Lots of memories from that time started coming back to me, probably because my mind had room to wander instead of worrying whether the Central Line was running, or whether my train would leave Euston on time come Thursday afternoon.

Lockdown has been easing for a few weeks now in the UK, but my feelings of nostalgia haven’t.

Some of my memories have been so powerful I wanted to record them, so I started writing a semi-autobiographical story. A scene I wrote recently was a simple recollection of my weekly trips out to a local branch of Kentucky Fried Chicken, and the friends I went with. I was surprised at how much detail I could recall when I thought about it. I could remember snippets of conversation, songs on the car stereo, my friends singing along to evocative tunes from my youth.

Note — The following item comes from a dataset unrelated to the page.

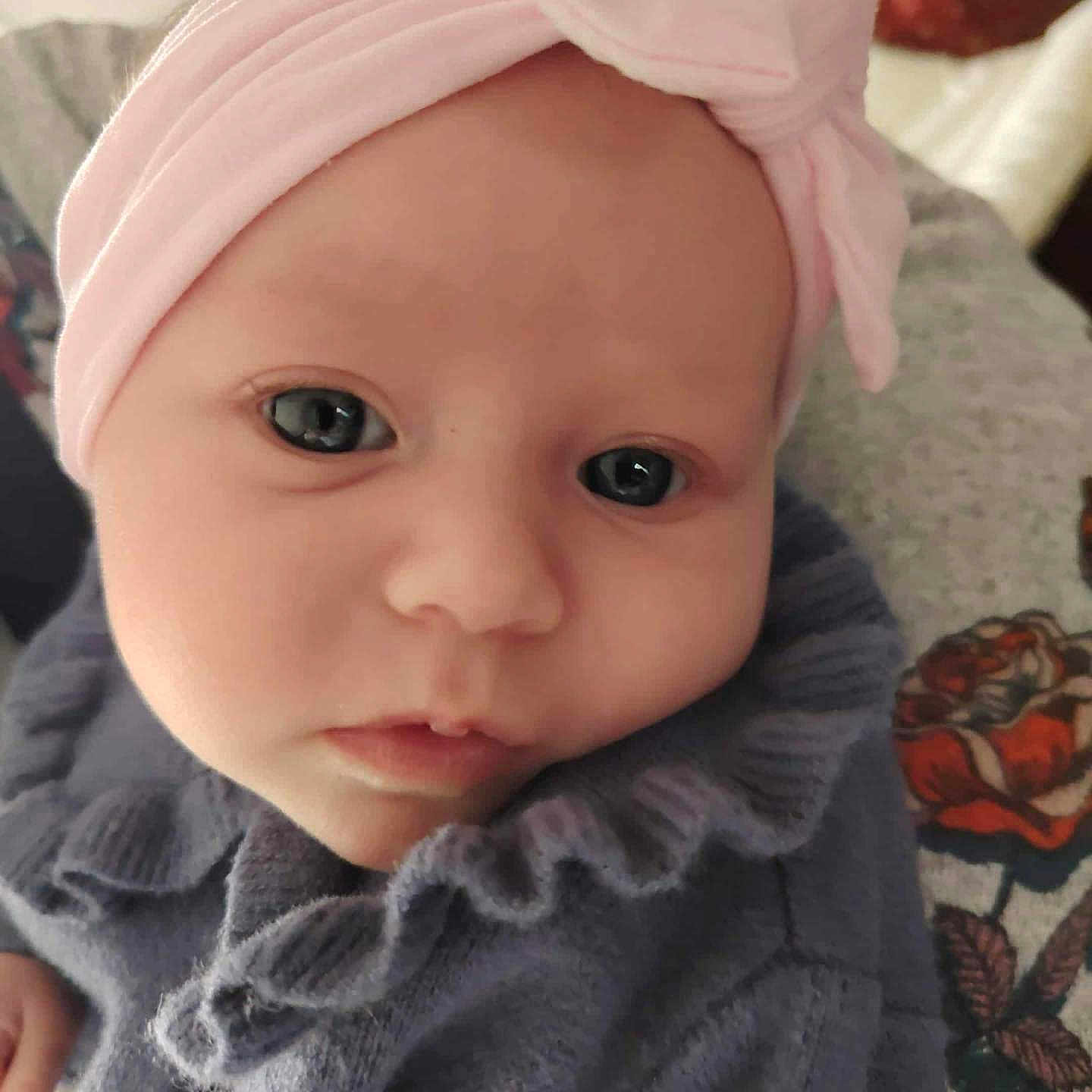 Abigaëlle a rejoint le concours — aidez-le/la à gagner de superbes lots ! baby, blue_eyes, child, closeup, clothing, cute, expression, face, headband, headwear, indoor, infant, newborn, person, pink, portrait, ruffle, soft, sweater, warm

A day after writing the scene I was driving to my first riding lesson in nearly ten weeks when my iPhone decided to shuffle play The Boy With The Thorn in His Side by The Smiths. So many emotions hit me at once. I burst into tears.

Nostalgia is a powerful thing. It can make us happy, but at the same time make us sad. That’s what makes it so special. It’s not just the act of reminiscing, it’s a feeling, an experience in itself. Definitely something worth bottling.